If I needed to put a gallon or two in a 9N to go somewhere, I opened it without
asking.
The
significance of the combination was not random. Every Shelley and Rice
grandchild knew what it implied.
The
combination sequence is … 9-1-6.
916 (LRC LSH)
We spent
New Years Day at the 916 Ranch (the ranch whose famous brand inspired the lock’s
combination) with Terrell and Charlene Shelley. They are the current generational
team that carries on unbroken Shelley stewardship since 1884. A visit to the
ranch and its headquarters is like a journey back in time. Any visit there
isn’t just the magnificence of the setting on Mogollon Creek with its backdrop
of the Mogollon front and ridgeline dominated by 10,778’ Mogollon Baldy. It is
the human saga that permeates the place. A full sense of that surrounds the
headquarters. Rock and steel dominate the nearby cattle handling facilities
outside and family history and continuity dominate inside. There is immense
permanence. Everything is overbuilt in the manner that is nothing less than
enduring human effort.
That
permanence is seen in new fencing that is underway bringing more pasture under
916 ownership. Corner and stretch posts are set four feet in the ground whether
in rock or sand. T posts are spaced a rod apart and four heavy, one seeded
juniper staves are wired to each gap. Steel gates have replaced wire gates, and
historical structures up the creek have been repaired and protected against
freezing temperatures and bears.
Out on the
mesa, water storages are now built to receive water from well sources in the
creek bottom and more pipeline stretch in all directions to limit all walks to
water a mile or less for cattle and wildlife alike. Plans are underway to
rebuild yet more historic corrals for the ease of limiting stress on livestock
and diminishing, dependable labor alike. Two way radios and high flotation,
light weight enclosed ATVs are now employed where hours on horseback once
provided the daily eyes and ears management. Everything is built on speed
because that is the only means of modern economic survival.

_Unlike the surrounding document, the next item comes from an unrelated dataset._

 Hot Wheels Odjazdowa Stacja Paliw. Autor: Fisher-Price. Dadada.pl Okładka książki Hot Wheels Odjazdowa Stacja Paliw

Lunch was started with prayer, and too
quickly time required a three hour run for home and waiting evening chores.
Before
leaving, though, a visit to the original, single room log house was requested.
The walk through its door gave me goose bumps. Not everything is the same as
when it was last occupied, but the history that remains is immense. Grandpa
Shelley’s old chair sits in the corner. A worn and deep groove in its right arm
displays his habit of cracking black walnuts during leisure time. His roll top
desk is also there with all its historical files and records. A hand carved
wooden polo ball was there as was as an ancient typewriter. Old gun scabbards,
lanterns, fishing poles, deer horns, and ranching lore are in every corner.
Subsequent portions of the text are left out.